▶ _Problem statement_
Please produce a character-exact copy of the listing that follows, omitting all images.

▶ _Recorded information_
┄┄┄┄┄┄┄┄┄┄┄┄┄┄┄┄┄┄┄┄
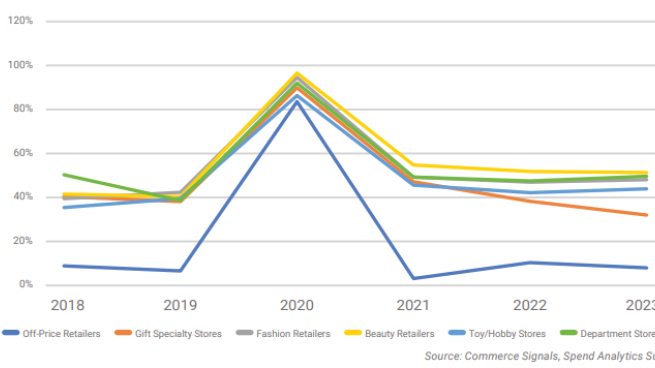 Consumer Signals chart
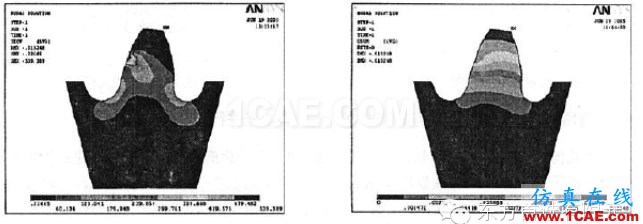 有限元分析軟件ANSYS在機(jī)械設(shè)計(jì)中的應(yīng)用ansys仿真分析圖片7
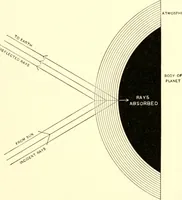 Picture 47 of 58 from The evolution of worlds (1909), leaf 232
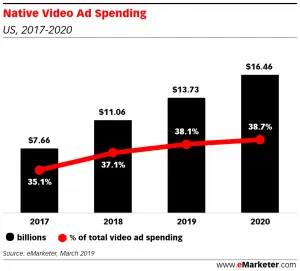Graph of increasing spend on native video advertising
┄┄┄┄┄┄┄┄┄┄┄┄┄┄┄┄┄┄┄┄
▶ _Expected output_
 Consumer Signals chart
 有限元分析軟件ANSYS在機(jī)械設(shè)計(jì)中的應(yīng)用ansys仿真分析圖片7
 Picture 47 of 58 from The evolution of worlds (1909), leaf 232
Graph of increasing spend on native video advertising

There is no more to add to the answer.